Al suo arrivo la serie dei quattro arazzi dedicata ai Continenti (Firenze, deposito di palazzo Pitti) era già stata messa in programmazione e G. C. Sagrestani aveva già fornito il primo bozzetto dell'Asia. La tessitura di questo primo panno (firm. da Vittorio D., L. Bernini e G. Bruschi, 1718 e 1719) non viene iniziata prima del 1717, quando S. Papi fornisce il cartone dei fregio, mentre solo successivamente G. C. Sagrestani consegnerà via via i modelli, tutti in controparte, per le raffigurazioni centrali dello stesso arazzo (Firenze, Soprintendenza ai Beni artistici e storici, depositi), dell'Europa (Firenze, ibid.; l'arazzo firm. da Vittorio D., L. Bernini, 1723), dell'Africa (Roma, Montecitorio, in deposito dalla Soprintendenza di Firenze; l'arazzo tessuto nel 1723-26 c., firm. da Vittorio D. e L. Bernini) e dell'America (ibid., in deposito dalla Soprintendenza di Firenze; l'arazzo tessuto nel 1725-30c., firm. dagli stessi). Non documentata, anche se possibile, è invece la partecipazione di Vittorio alla manifattura delle prime due portiere degli Elementi (Firenze, Galleria di pal. Pitti), la Terra (1725-28 c.) e l'Acqua (1728-31).
È probabilmente la ristrutturazione di alcuni locali di palazzo reale voluta da Carlo Emanuele III pochi mesi dopo la sua salita al trono che motiva l'ordine, impartito a Vittorio nel febbraio 1731, di tornare al servizio della corte torinese: il rientro è pressoché contemporaneo a quello di C. F. Beaumont da Roma. Il desiderio di istituire un laboratorio di tessitura di arazzi già trapela dal regio biglietto di nomina ad arazziere, del i" maggio (Informativa istorica..., in Arch. di Stato di Torino..., RegistroO) poiché accanto all'obbligo della manutenzione delle tappezzerie già esistenti è prevista la fattura di lavori nuovi da pagarsi a parte e l'ammaestramento di alcuni apprendisti.

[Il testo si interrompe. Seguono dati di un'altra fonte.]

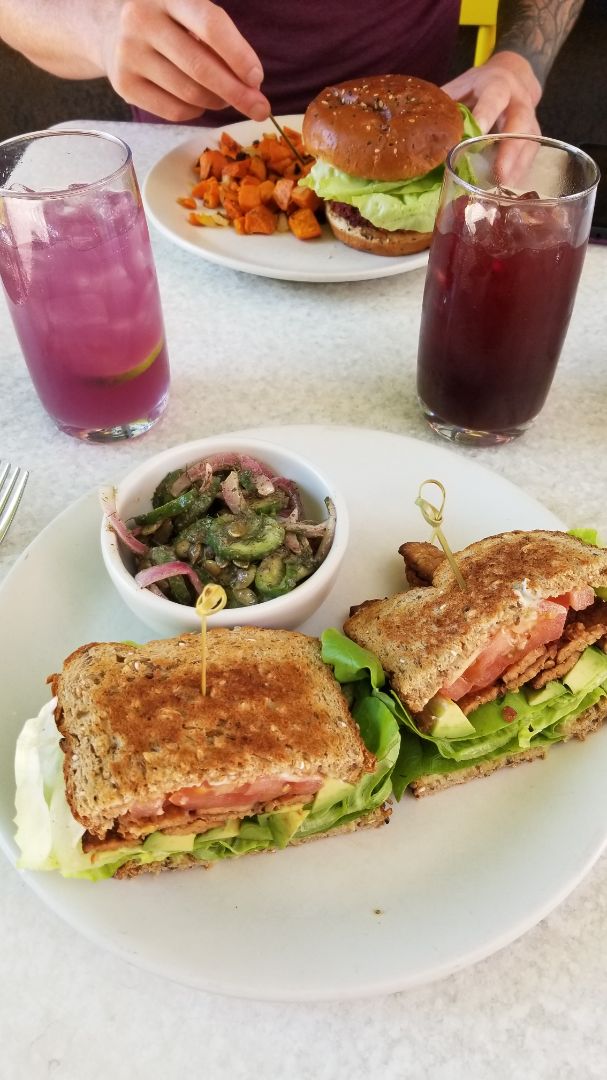 photo of True Food Kitchen T.L.T shared by @reginafagrey on  30 Sep 2019 - review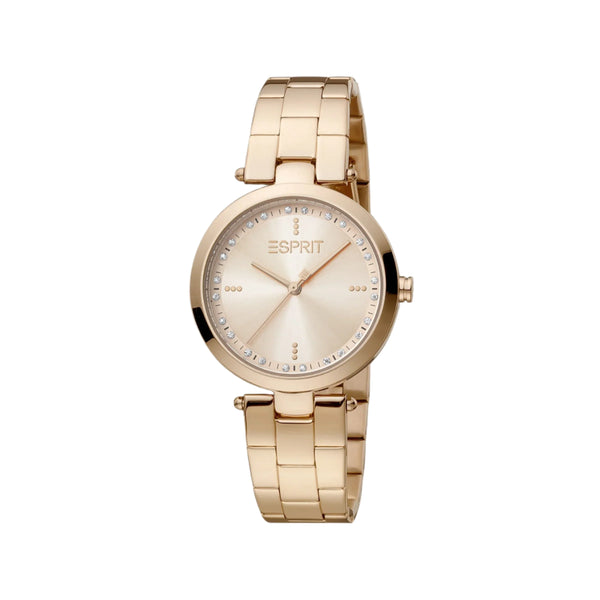 Esprit Women's Rose Gold Watch, Stainless Steel Band | Es1l181m0045 by i-watch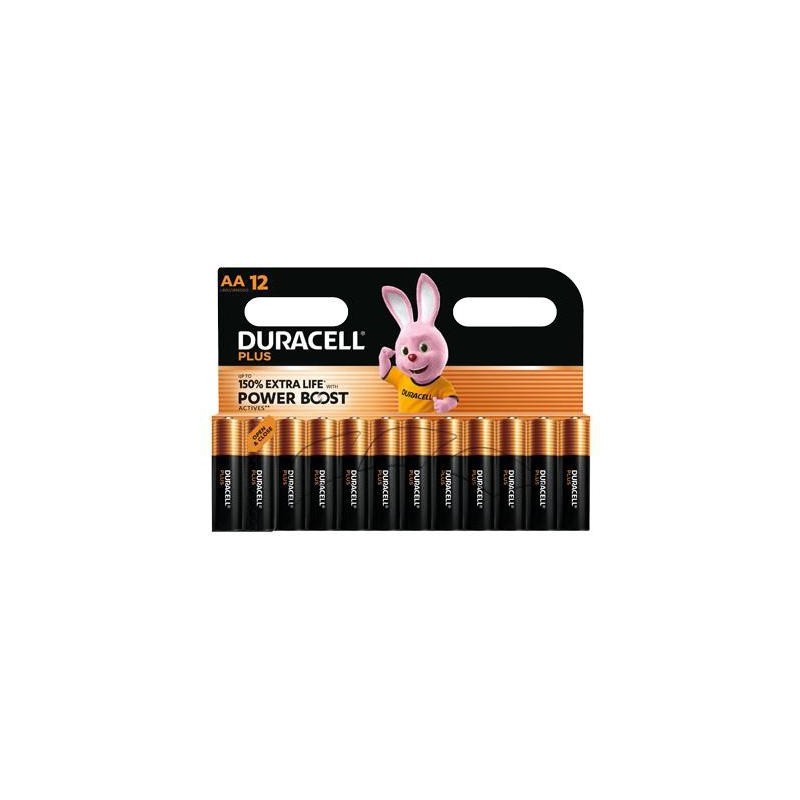 DURACELL PLUS PW B.STILO X 12 PZ AA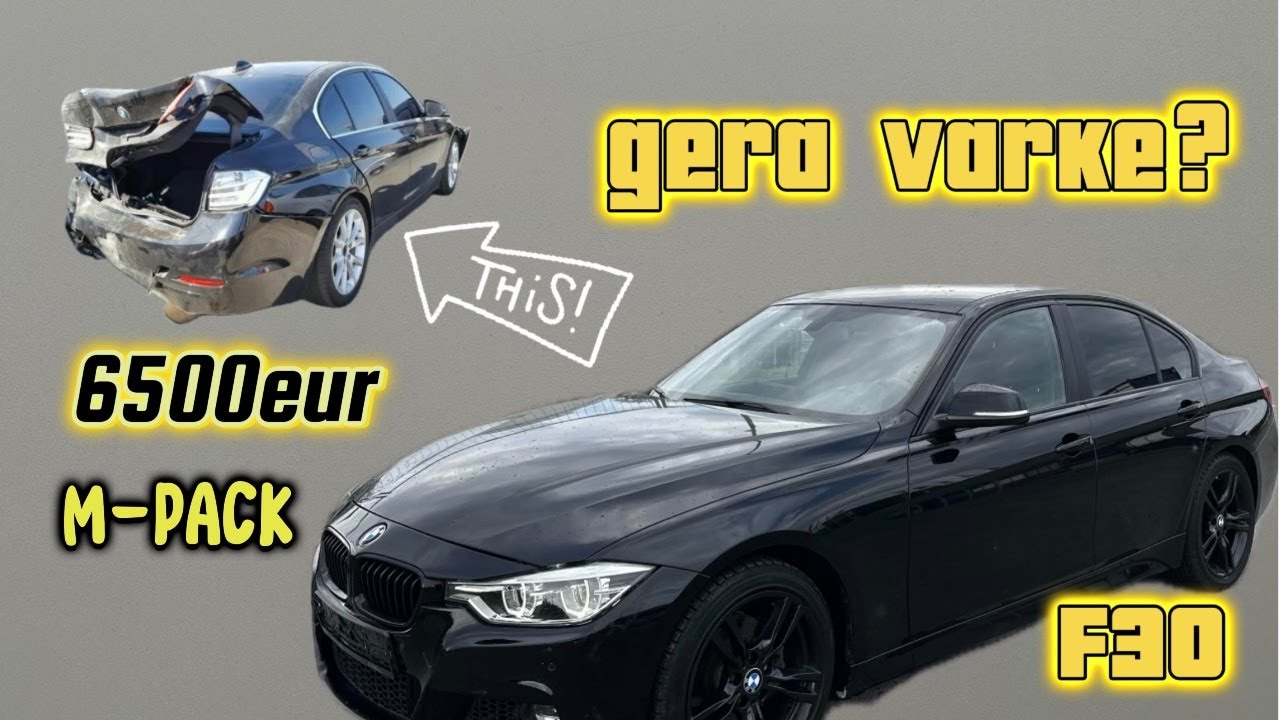 BMW F30 UŽ 6500eur ! ARMENFILMS #35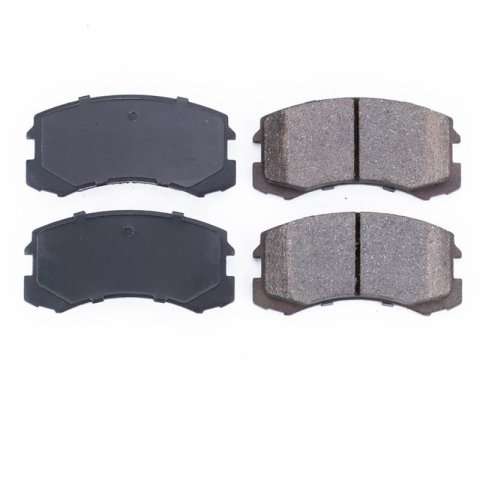 Power Stop 02-07 Mitsubishi Lancer Front Z16 Evolution Ceramic Brake Pads thumbnail 2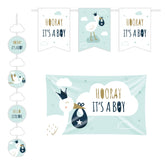 Hooray i'ts a Boy Versiering Pakket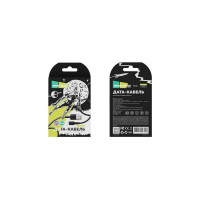 Дата-кабель More Choice USB 2.0A для Type-C TPE 0.25м K14a Black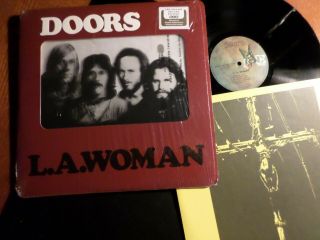 The Doors ‎ L.  A.  Woman 180 Gram German Press Vg,  / Nm Shrink Riders On Storm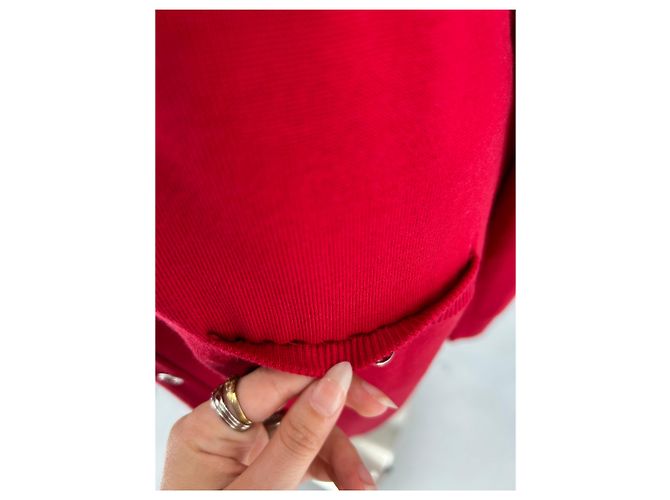 Chaquetas Dolce & Gabbana T.IT 40 de lana Roja - Ansicht 7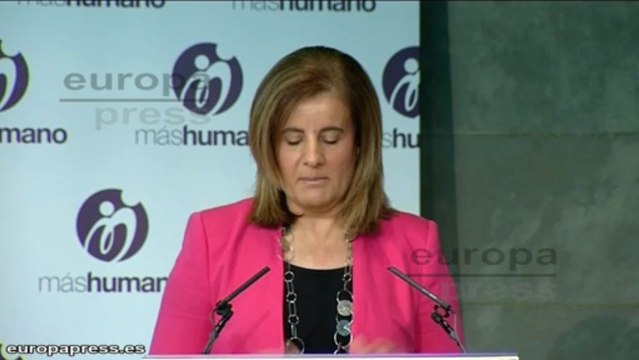 Báñez anuncia medidas para compatibilizar empleo y pensión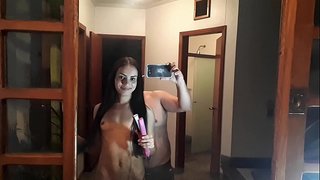 Peladinha ako se pakujete na papir.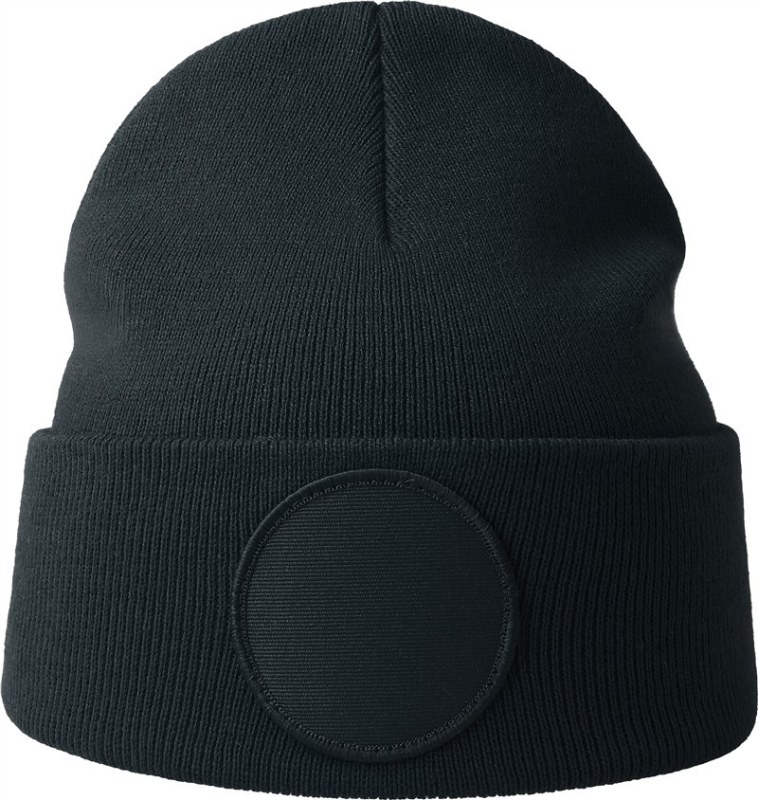 Atlantis Headwear Wind-S Circular Patch Pletená čepice patch 33.0319 navy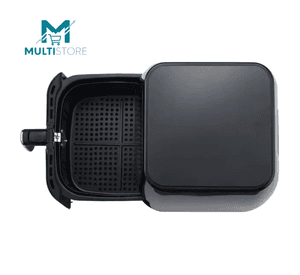 Freidora De Aire Digital Nex 8 Litros Sin Aceite 8 Funciones Negro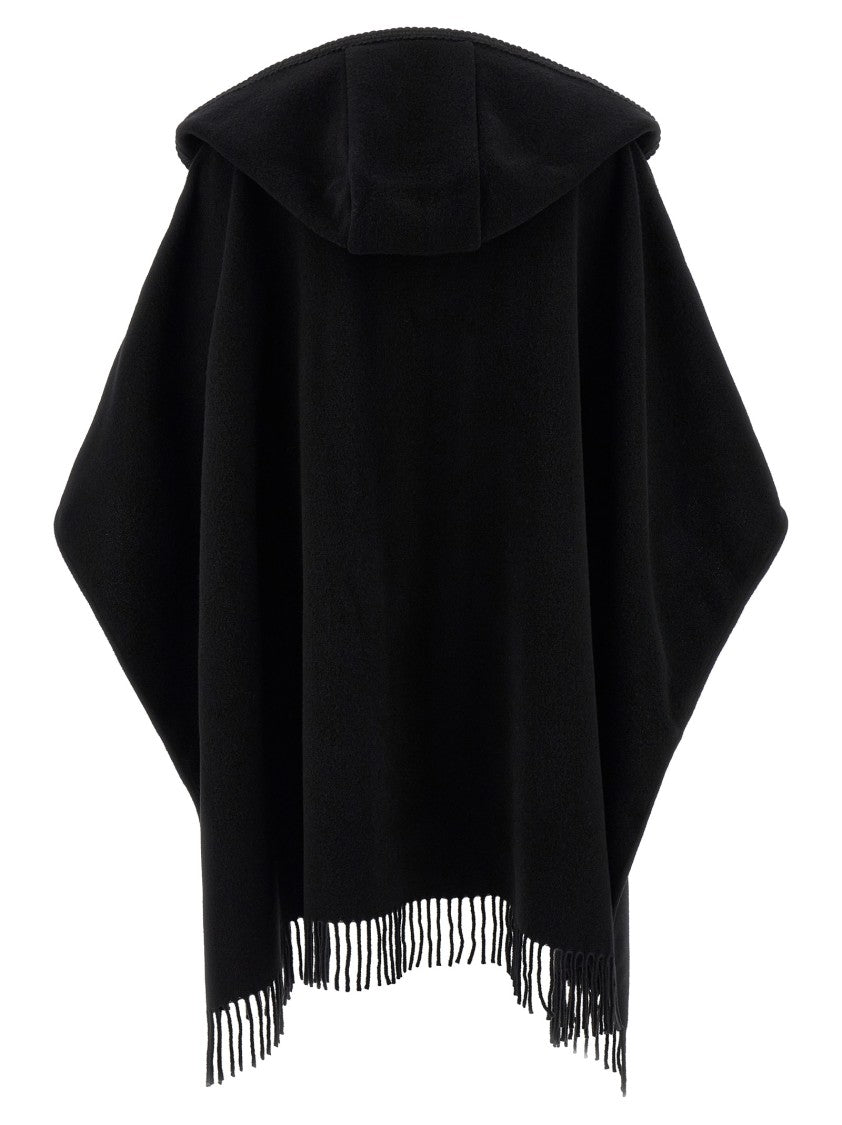 Moncler Wool Cape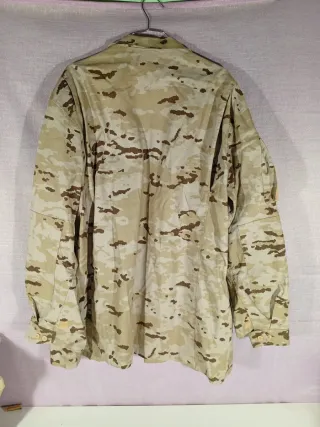 Camisa Armada Española Desierto Pixelada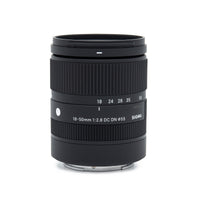 Sigma 18-50mm f/2.8 DC DN – Sony E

In effetti l'inizio della tessitura della prima serie di arazzi torinesi, quella di Alessandro, è anteriore alla istituzione ufficiale, avvenuta il 26 luglio del 1737, della manifattura reale, composta, oltre che di un laboratorio di basso liccio diretto da Vittorio, da un laboratorio di alto liccio diretto da A. Dini, già pagato dall'ottobre del 1736 (ibid.).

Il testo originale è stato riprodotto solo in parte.